> _About this exercise_:
All entries below must be written out verbatim, and the images must be dropped.

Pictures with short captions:
————————

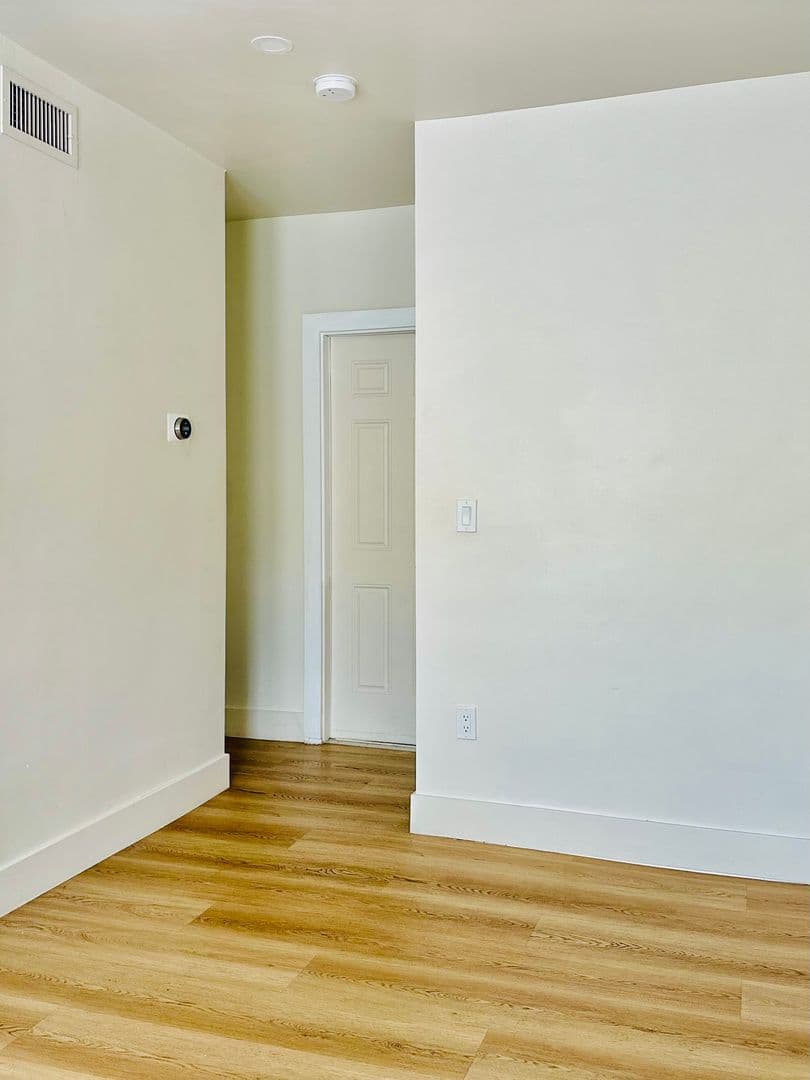 Miami Apartment: 893 NE 81 Street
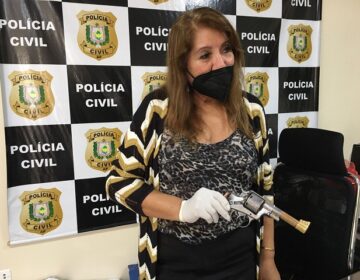 Homem chama ex-esposa para dar dinheiro do natal dos filhos e tenta matá-la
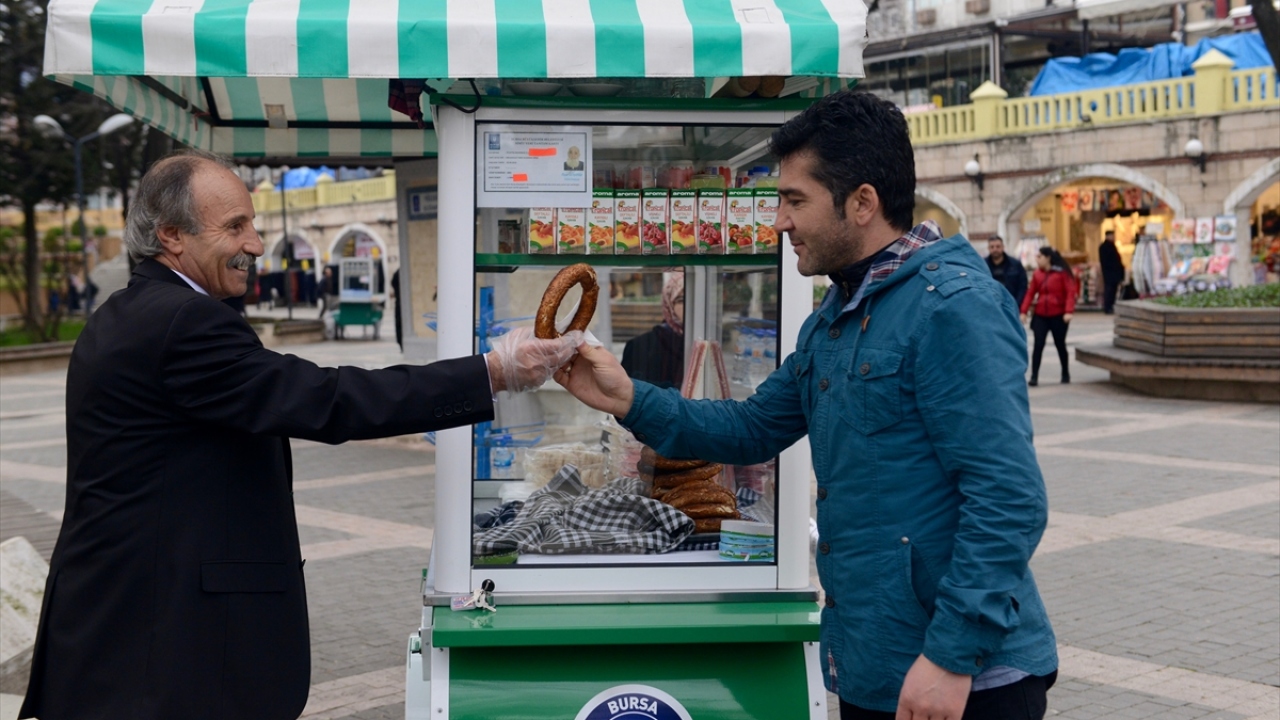 "Simit almadan geçmezler."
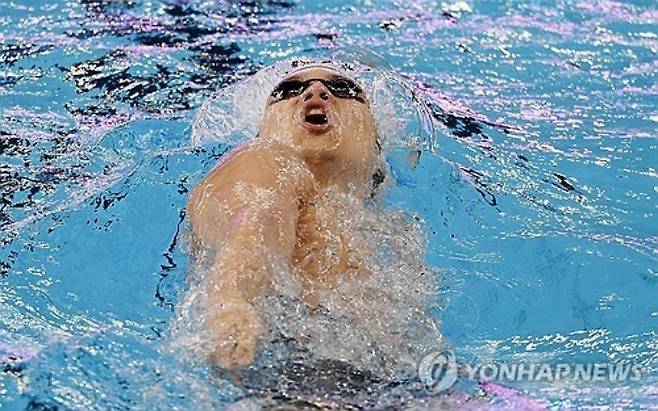 이주호 해냈다! 세계수영선수권 男 배영 200m 한국신기록+아시아 1위…결승행은 0.06초 뒤져 아깝게 무산 [싱가포르 현장]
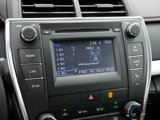 Used 2017 Toyota Camry SE image 3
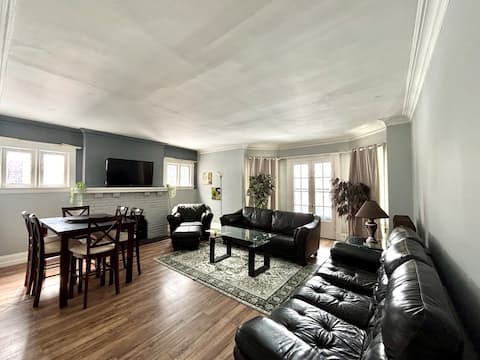 Successful Airbnb property: Spacious Condo by CWRU, CIM, UH, Clev Clinic in Glenville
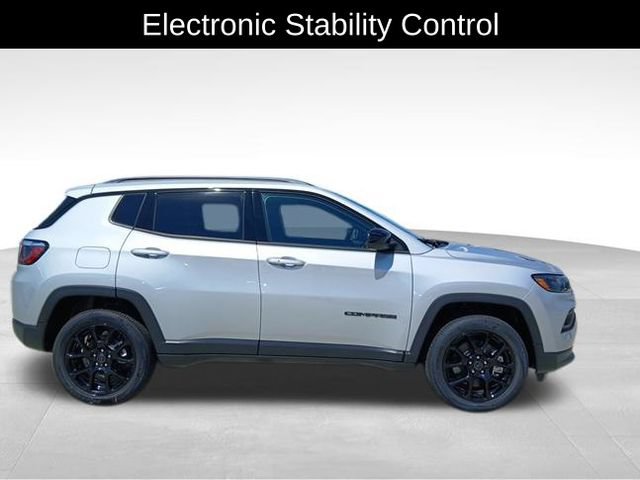 New 2026 Jeep Compass Latitude AWD/4WD image 6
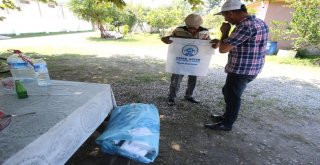 Akyazıda Kurban Kesim Yerleri Hem Denetleniyor Hem De İlaçlanıyor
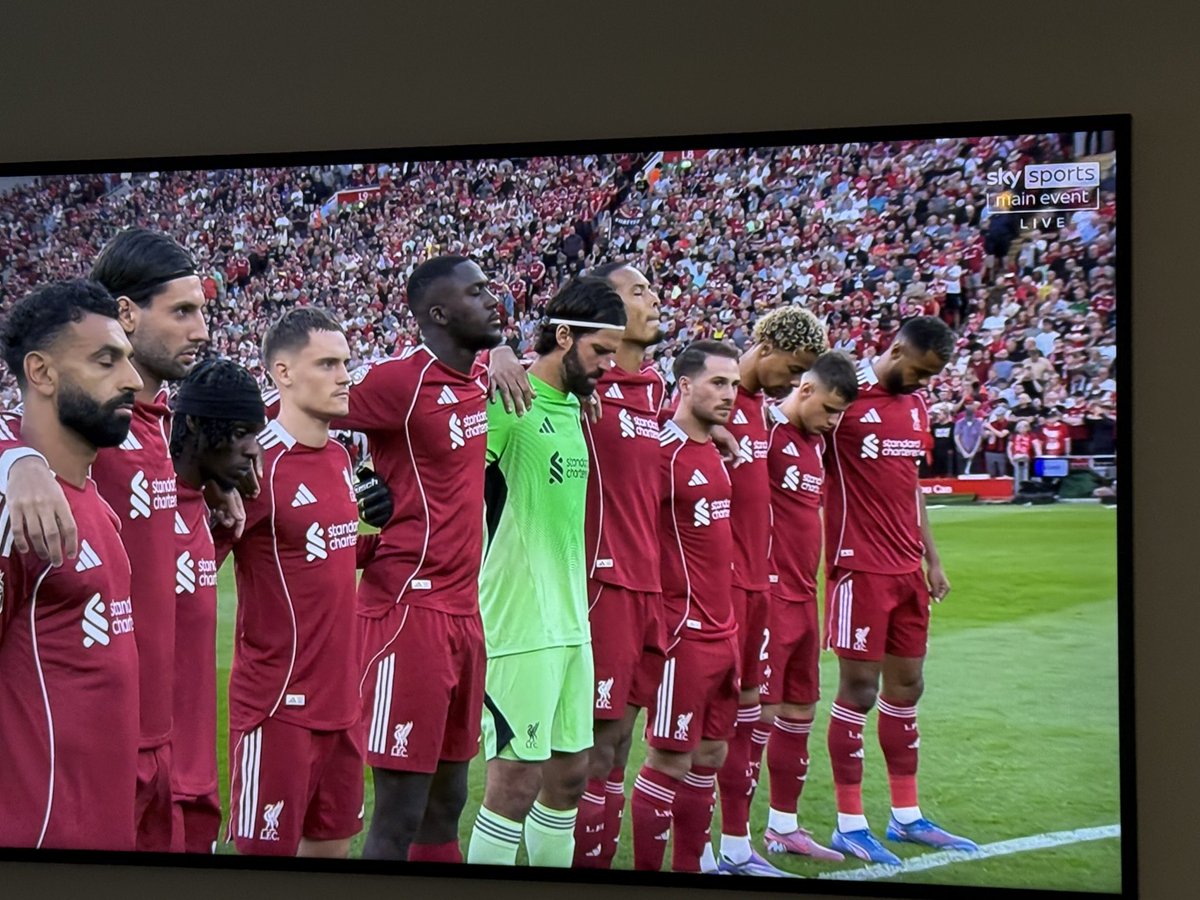 Joannemaher's tweet photo. Impeccably observed. Thank you @afcbournemouth #Forever20 #YNWA #AS30 https://t.co/XguNRPdD8O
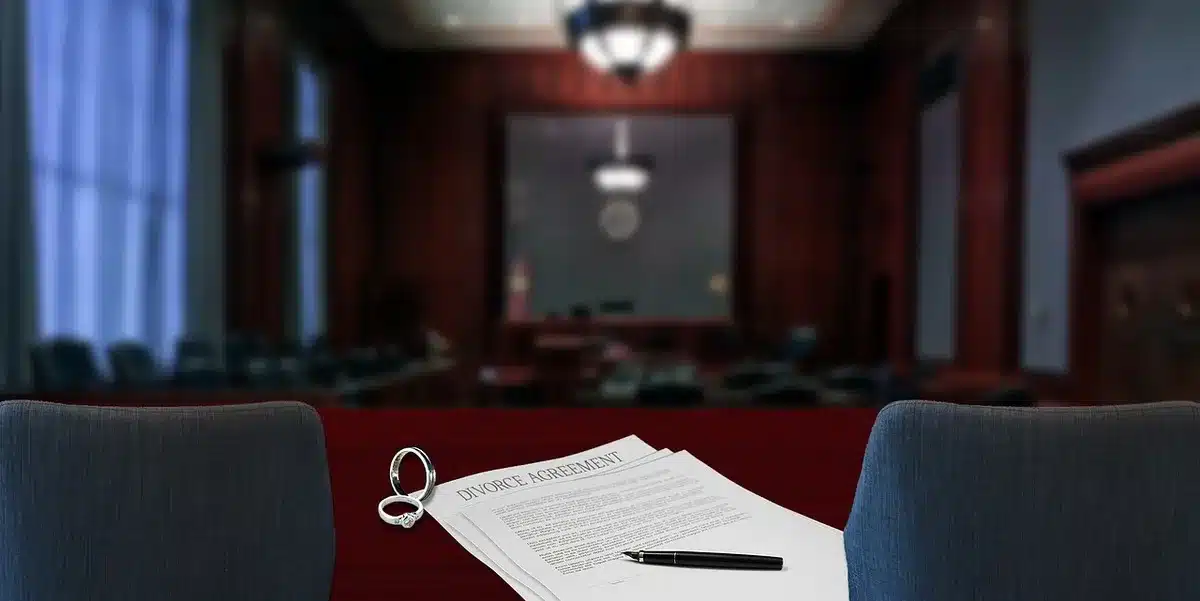 Mazo y papeles que simbolizan decisiones judiciales y posibles recursos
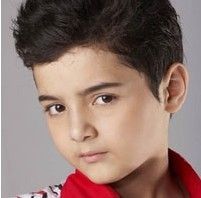 新疆维族小童星阿尔法qq头像 唱歌跳舞超酷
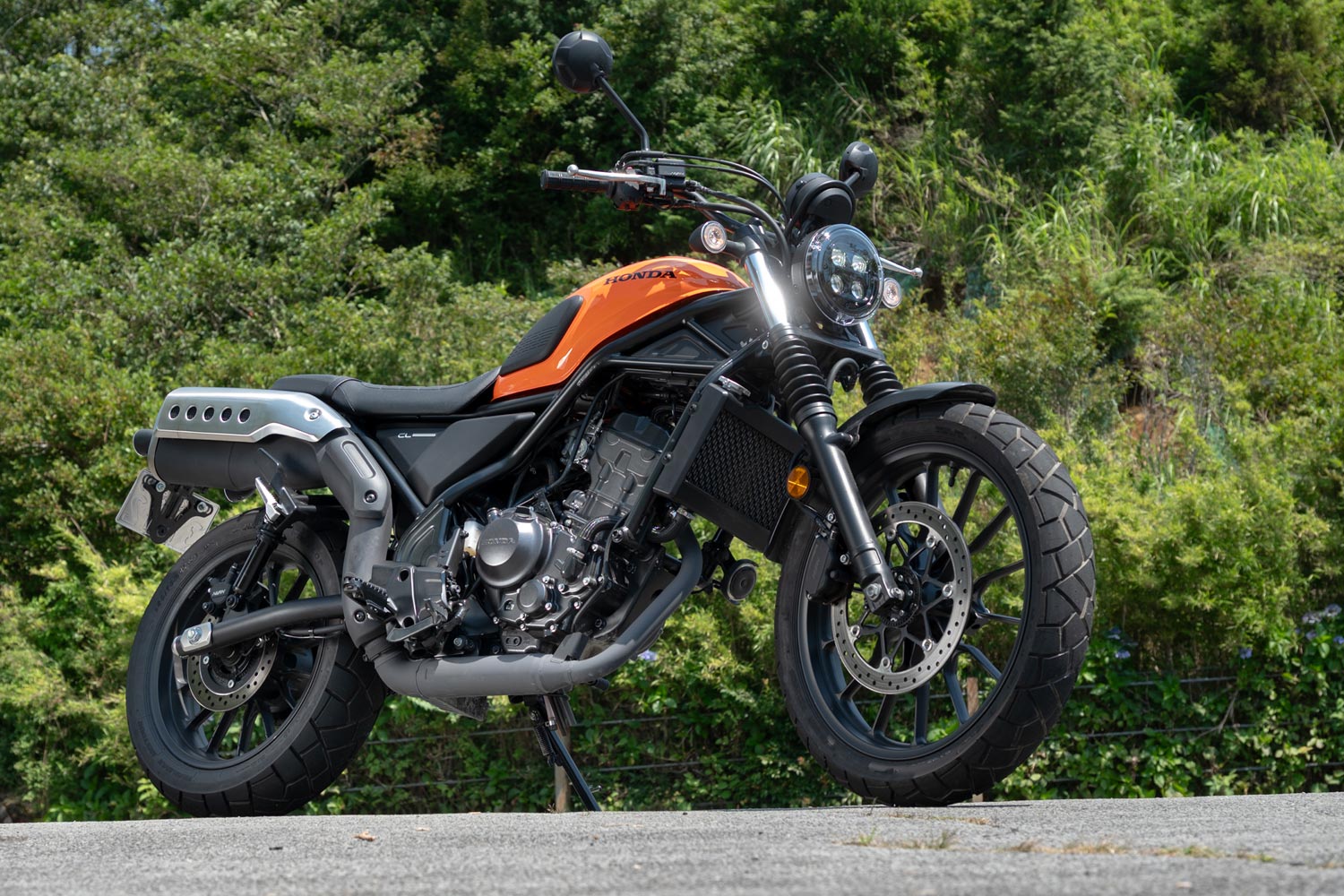 ホンダCL250（6MT）【レビュー】 いろんな人に薦めたい - webCG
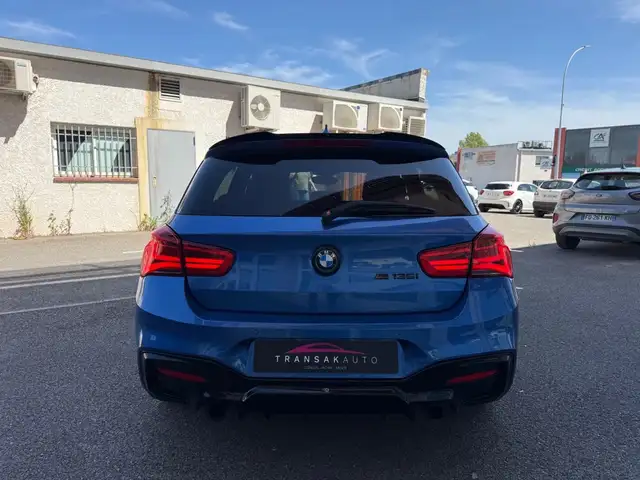 BMW 1 Series view 6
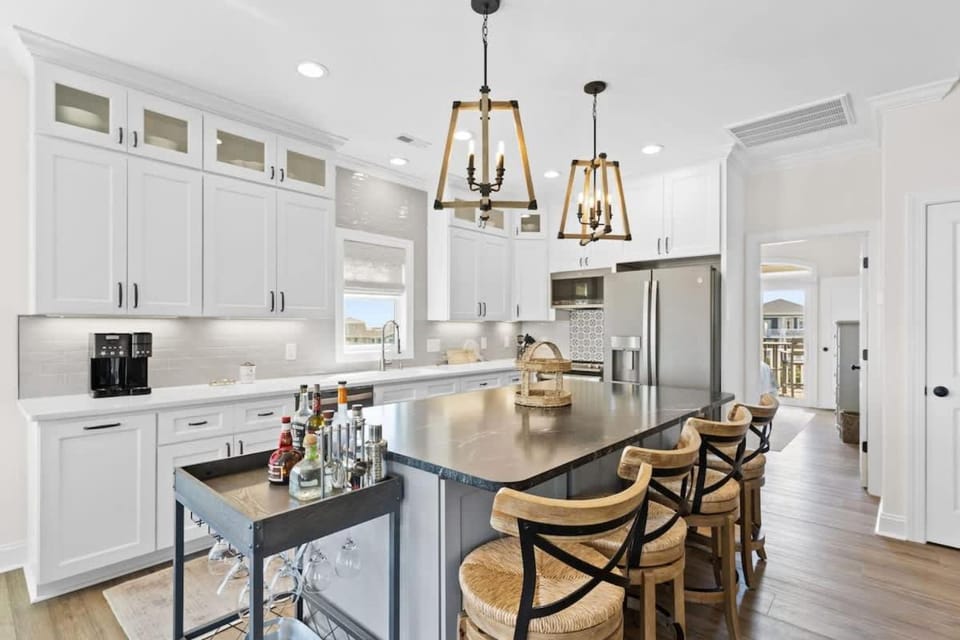 A Shore Thing at Ocean Isle Beach, 5 bedroom 5 bathroom, private pool and spa House in Ocean Isle Beach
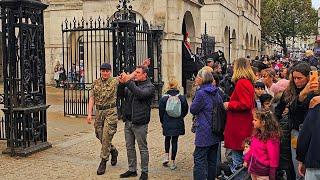 MOVE IDIOTS! OUTSTANDING LADY TROOPERS SHOW HOW TO DEAL WITH RUDE TOURISTS at Horse Guards!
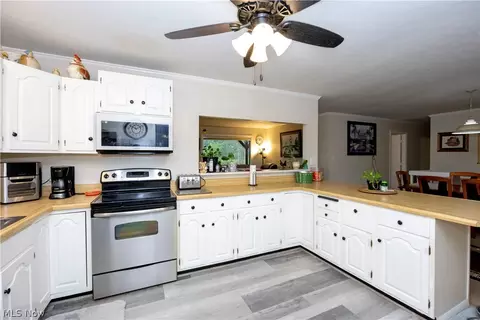 Kitchen - 1425 County Road 1688, Mansfield, OH 44903 photo 2 of 2
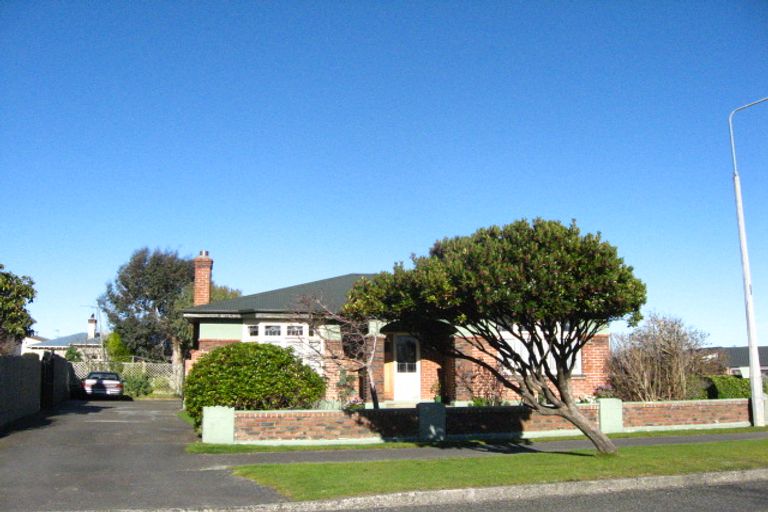 Photo of property in 1 Robertson Street, Richmond, Invercargill, 9810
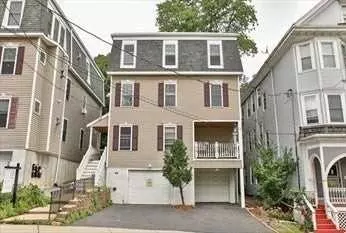 135 Calumet St, Roxbury Crossing, MA 02120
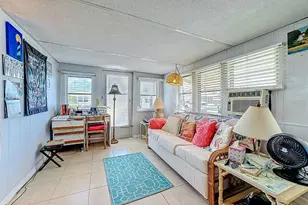 411 Tropic Dr W, Palmetto, FL 34221 - Photo 4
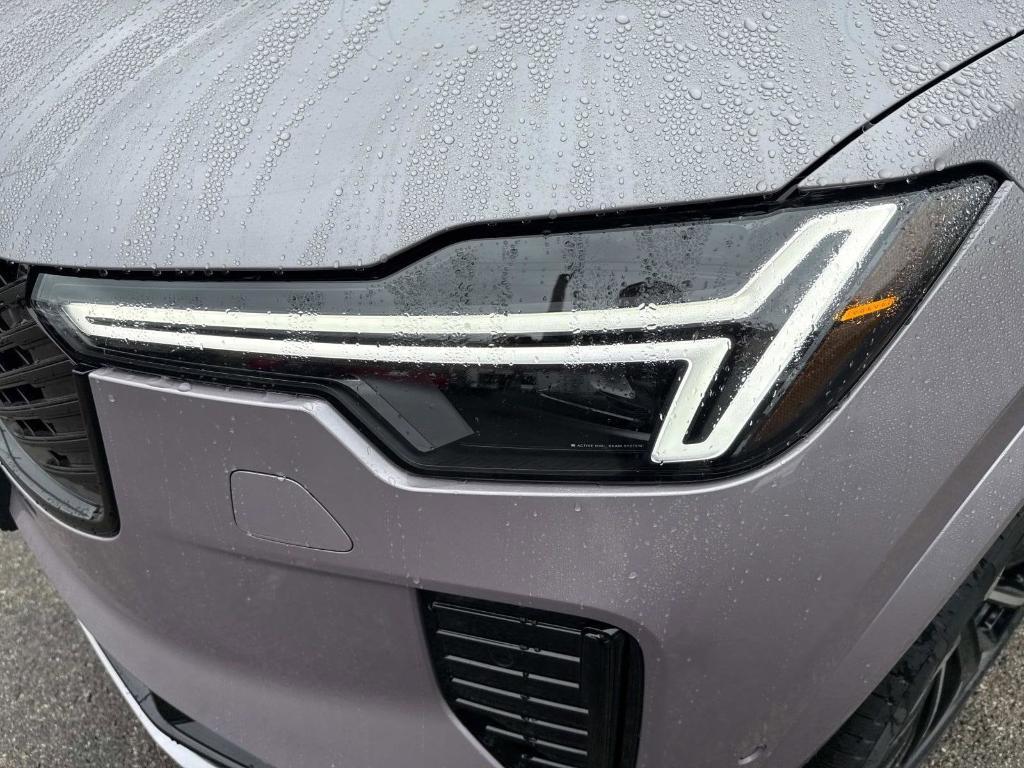 new 2026 Volvo XC90 car, priced at $75,350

————————

> _The answer_:
 Miami Apartment: 893 NE 81 Street
 Homem chama ex-esposa para dar dinheiro do natal dos filhos e tenta matá-la
 "Simit almadan geçmezler."
 이주호 해냈다! 세계수영선수권 男 배영 200m 한국신기록+아시아 1위…결승행은 0.06초 뒤져 아깝게 무산 [싱가포르 현장]
 Used 2017 Toyota Camry SE image 3
 Successful Airbnb property: Spacious Condo by CWRU, CIM, UH, Clev Clinic in Glenville
 New 2026 Jeep Compass Latitude AWD/4WD image 6
 Akyazıda Kurban Kesim Yerleri Hem Denetleniyor Hem De İlaçlanıyor
 Joannemaher's tweet photo. Impeccably observed. Thank you @afcbournemouth #Forever20 #YNWA #AS30 https://t.co/XguNRPdD8O
 Mazo y papeles que simbolizan decisiones judiciales y posibles recursos
 新疆维族小童星阿尔法qq头像 唱歌跳舞超酷
 ホンダCL250（6MT）【レビュー】 いろんな人に薦めたい - webCG
 BMW 1 Series view 6
 A Shore Thing at Ocean Isle Beach, 5 bedroom 5 bathroom, private pool and spa House in Ocean Isle Beach
 MOVE IDIOTS! OUTSTANDING LADY TROOPERS SHOW HOW TO DEAL WITH RUDE TOURISTS at Horse Guards!
 Kitchen - 1425 County Road 1688, Mansfield, OH 44903 photo 2 of 2
 Photo of property in 1 Robertson Street, Richmond, Invercargill, 9810
 135 Calumet St, Roxbury Crossing, MA 02120
 411 Tropic Dr W, Palmetto, FL 34221 - Photo 4
 new 2026 Volvo XC90 car, priced at $75,350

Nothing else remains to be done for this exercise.